This study is concerned with the behaviour of exchange rate movements focusing specifically on purchasing power parity (PPP) and the non-stationarity of real exchange rates, for a number of East Asian currencies during their recent floating periods. As one of the most important building blocks in international economies, PPP forms a core component of several models of exchange rate determination, and it is the most intensively tested hypothesis in open-economy macroeconomics. Nevertheless, in contrast to the relative abundance of research on the currencies of industrialised countries, very few studies on East Asian currencies have been carried out, leaving an important gap in the literature. Using recent advances in time series analysis, the results reveal for the East Asian countries that there existed long-run comovement between the nominal exchange rate and domestic and foreign price levels, but that the strict PPP condition claimed by the theory did not hold.
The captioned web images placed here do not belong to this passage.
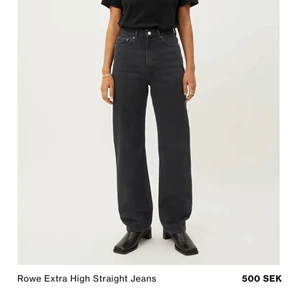 WEEKDAY ROWE Straight jeans - Jeans från weekday i modellen Rowe straight med hög midja. Använda fåtal gånger. Jeansen kostar 500kr i butik. Behöver paketet postas tillkommer fraktkostnad utöver priset på 240kr! Fler bilder skickas i DM vid intresse❤️
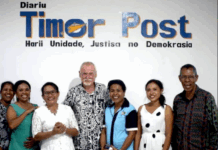 Australian mentor Bob Howarth with journalists in Timor-Leste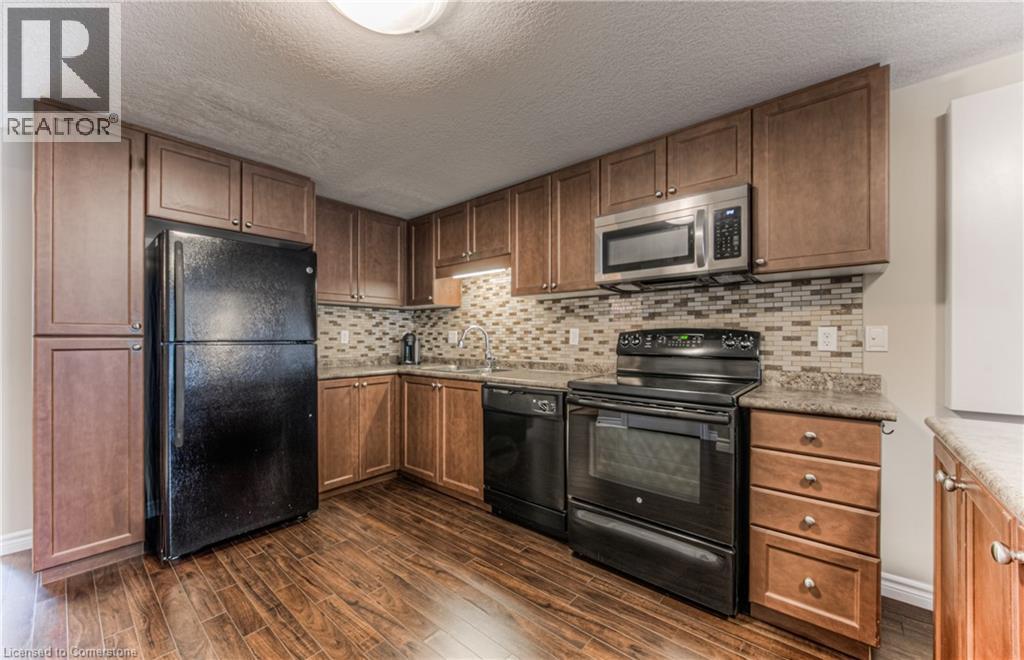 Photo 13 of 240 Rachel Crescent Unit F, Kitchener ON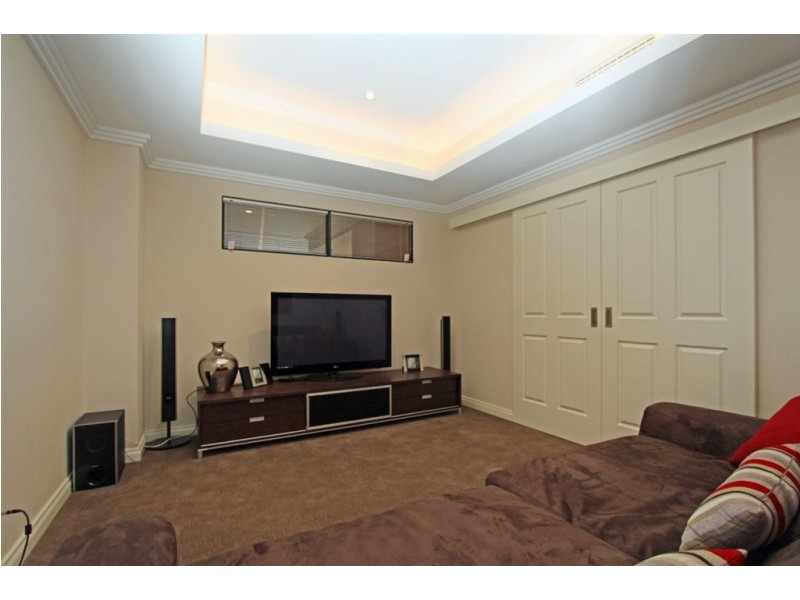 2/23 Galileo Loop, Mandurah WA 6210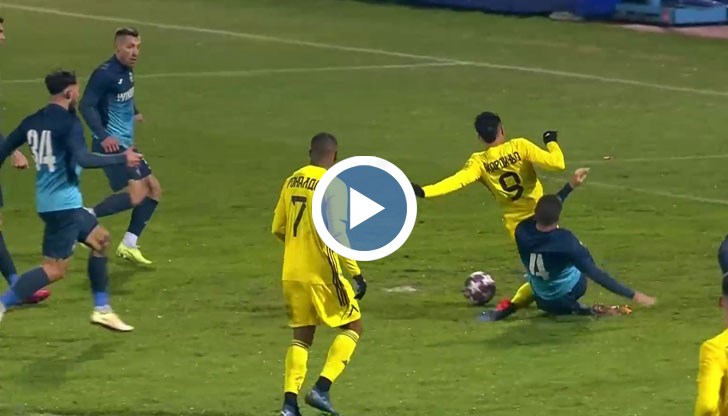 Вторият гол за "сините" падна в 47-та минута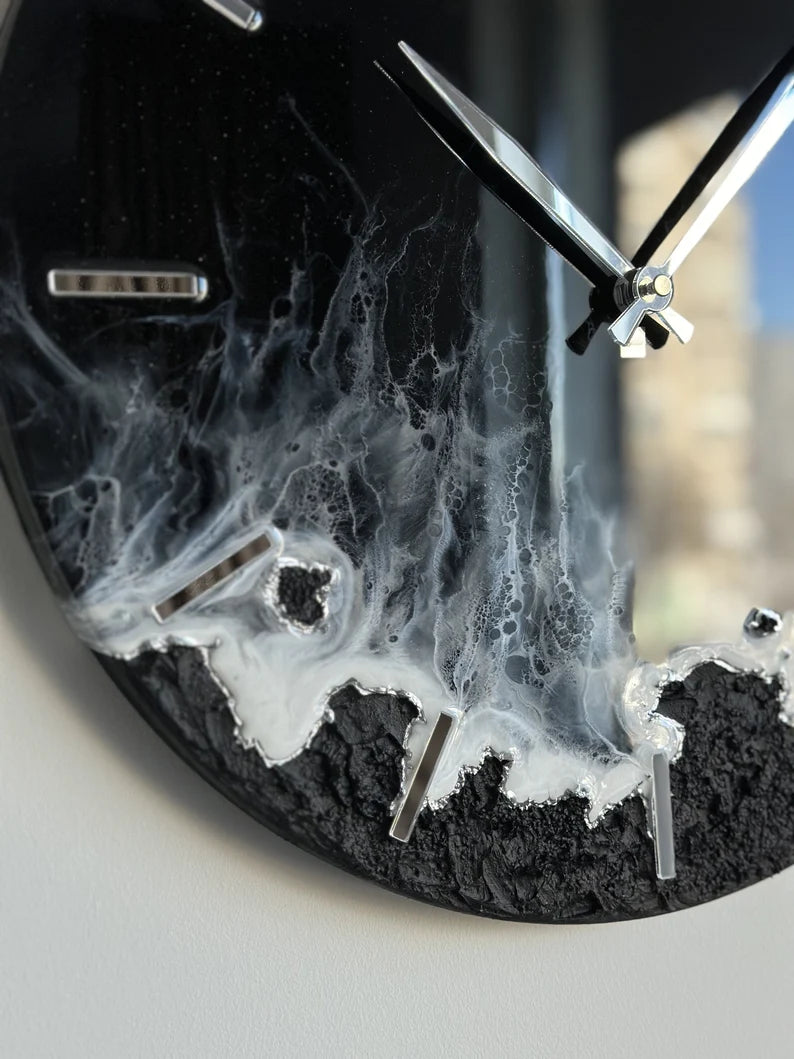 Custom Resin Art Wall Clock – Black Sea Design – Handmade Ocean-Inspired Clock for Unique Home Decor, Wedding Gift, or Personalized Nautical Wall Art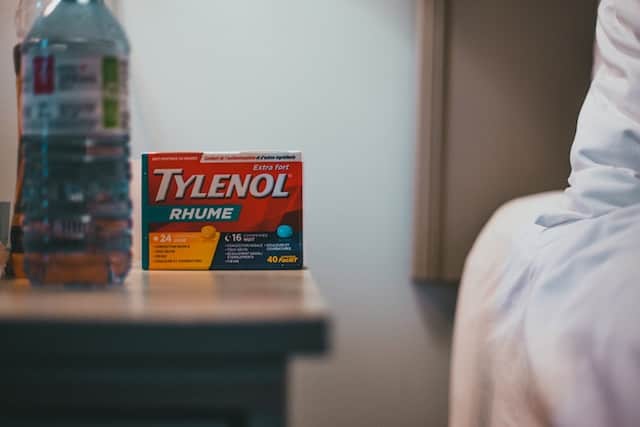 In-Room Amenities: Do Hotels Provide Tylenol and Other Medications?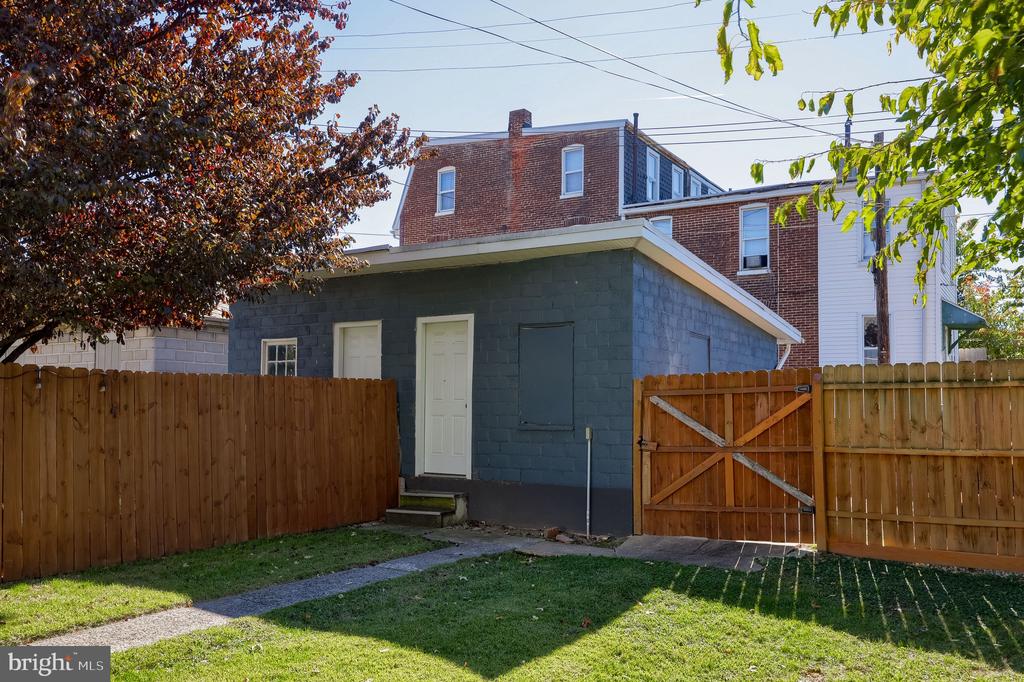 866 E PROSPECT STREET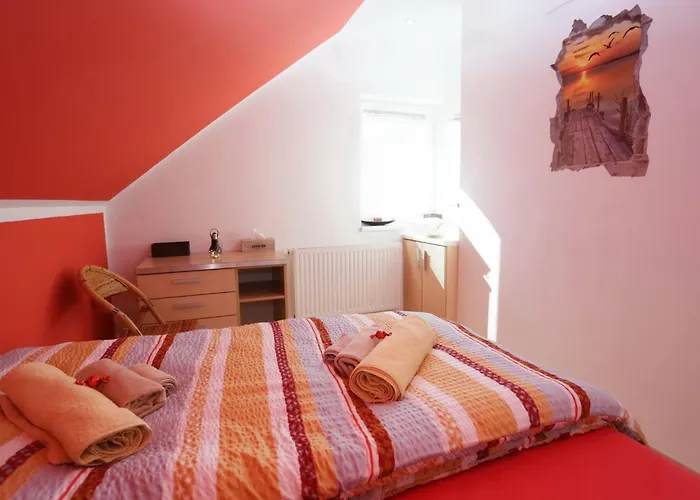 Elegant And Stylish Retreat With Terrace - Three Bedroom With Terrace *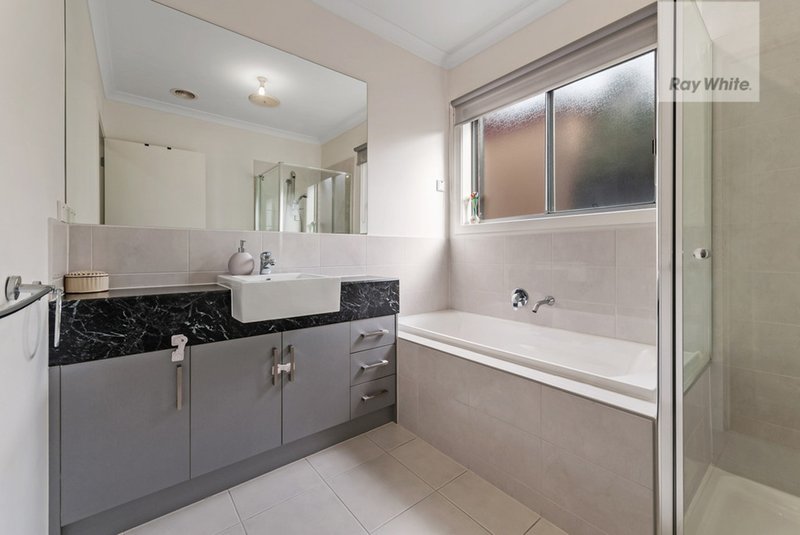 Photo - 28 Greenham Avenue, Craigieburn VIC 3064 - Image 12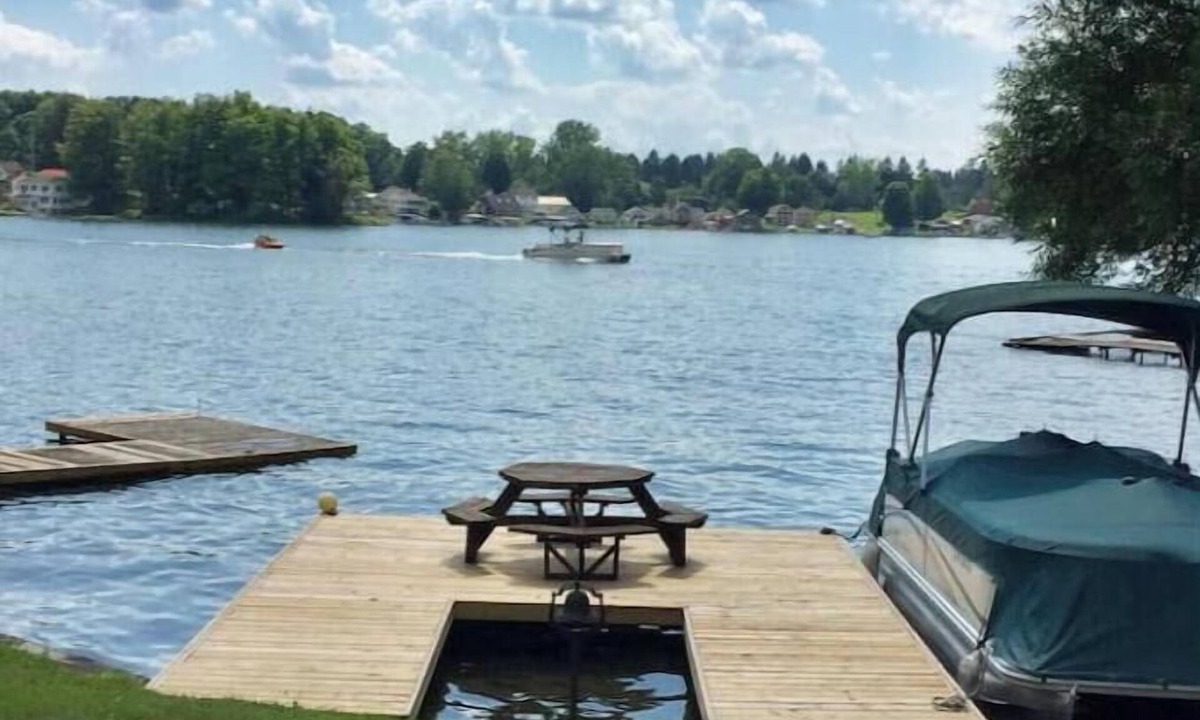 Lime Lake-Machias Cottage | Lake Front Charming 3-bedroom cottage on Lime Lake near Ellicottville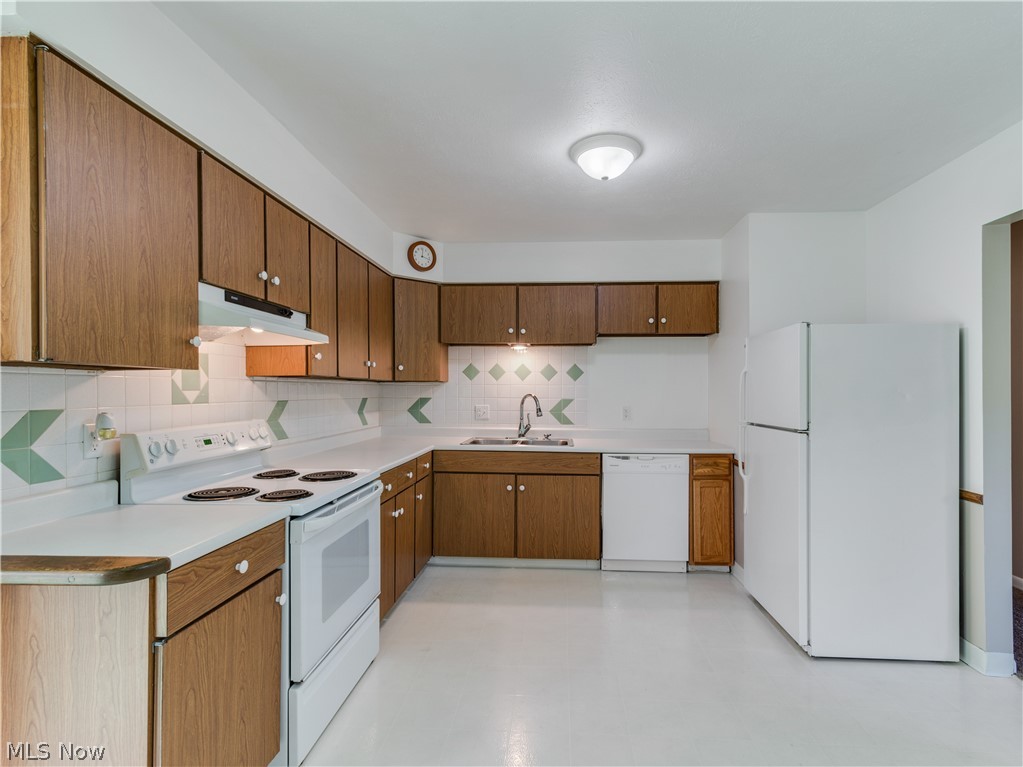 Meadowlake Estates - Residential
This implied that any deviation from the PPP equilibrium was permanent and that there was little tendency for the real exchange rate to be mean reverting. Further investigation suggested that the real exchange rate was cointegrated with fundamentals, with most of the variables entering the cointegration vector significantly, suggesting that the movements of real exchange rate were driven by these factors. Investigating the dynamic paths of the real exchange rate and the long-run relationship (cointegrating relationship) in response to exogenous shocks also revealed that the real exchange rates did not revert to their pre-shock equilibrium, but that the long-run relationship did. It took, normally three to five years, for the real exchange rate to reach and settle down to a new equilibrium and even if the effect of shocks on the long-run relationship was transitory, the speed of convergence to the equilibrium was slow. The results also showed that the effects of shocks vary from one country to another. This meant that there was no universal panacea to deal with fluctuations in real exchange rates, as they were influenced by a country's natural endowment, stage in industrialisation, as well as monetary and exchange policies.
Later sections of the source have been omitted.